WHAT IS EXPECTED: Using the listing below, please gather every line containing the word "Case".

Top of THE DATA

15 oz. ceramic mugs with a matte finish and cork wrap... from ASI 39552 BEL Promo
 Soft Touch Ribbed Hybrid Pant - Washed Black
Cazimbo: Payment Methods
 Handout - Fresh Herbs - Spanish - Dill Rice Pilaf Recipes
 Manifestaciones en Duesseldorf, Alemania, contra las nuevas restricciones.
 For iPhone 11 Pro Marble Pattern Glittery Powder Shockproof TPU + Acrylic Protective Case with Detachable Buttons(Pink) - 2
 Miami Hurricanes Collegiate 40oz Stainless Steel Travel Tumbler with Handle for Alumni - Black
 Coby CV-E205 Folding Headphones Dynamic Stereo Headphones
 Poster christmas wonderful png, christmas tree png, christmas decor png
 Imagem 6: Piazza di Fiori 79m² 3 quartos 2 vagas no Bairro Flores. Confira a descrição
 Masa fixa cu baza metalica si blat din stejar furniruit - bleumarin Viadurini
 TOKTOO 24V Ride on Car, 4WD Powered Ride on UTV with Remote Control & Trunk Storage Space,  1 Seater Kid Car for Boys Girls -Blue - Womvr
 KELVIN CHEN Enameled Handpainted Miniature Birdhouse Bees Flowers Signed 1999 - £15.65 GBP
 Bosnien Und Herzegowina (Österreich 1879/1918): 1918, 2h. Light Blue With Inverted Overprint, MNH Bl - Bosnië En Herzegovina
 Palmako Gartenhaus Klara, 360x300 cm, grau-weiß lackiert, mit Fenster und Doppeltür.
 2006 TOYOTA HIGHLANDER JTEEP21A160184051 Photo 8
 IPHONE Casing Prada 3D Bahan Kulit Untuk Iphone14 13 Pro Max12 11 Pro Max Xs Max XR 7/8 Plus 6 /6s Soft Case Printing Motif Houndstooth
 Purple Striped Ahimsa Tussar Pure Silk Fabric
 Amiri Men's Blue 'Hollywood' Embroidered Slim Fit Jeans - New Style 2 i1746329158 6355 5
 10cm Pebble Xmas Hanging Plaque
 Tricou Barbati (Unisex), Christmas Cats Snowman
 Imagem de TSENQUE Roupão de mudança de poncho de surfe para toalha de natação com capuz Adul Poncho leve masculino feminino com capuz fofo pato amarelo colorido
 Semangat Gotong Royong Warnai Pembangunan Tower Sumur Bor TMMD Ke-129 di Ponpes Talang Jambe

Bottom of THE DATA

SOLUTION TO THIS PROBLEM:
 For iPhone 11 Pro Marble Pattern Glittery Powder Shockproof TPU + Acrylic Protective Case with Detachable Buttons(Pink) - 2
 IPHONE Casing Prada 3D Bahan Kulit Untuk Iphone14 13 Pro Max12 11 Pro Max Xs Max XR 7/8 Plus 6 /6s Soft Case Printing Motif Houndstooth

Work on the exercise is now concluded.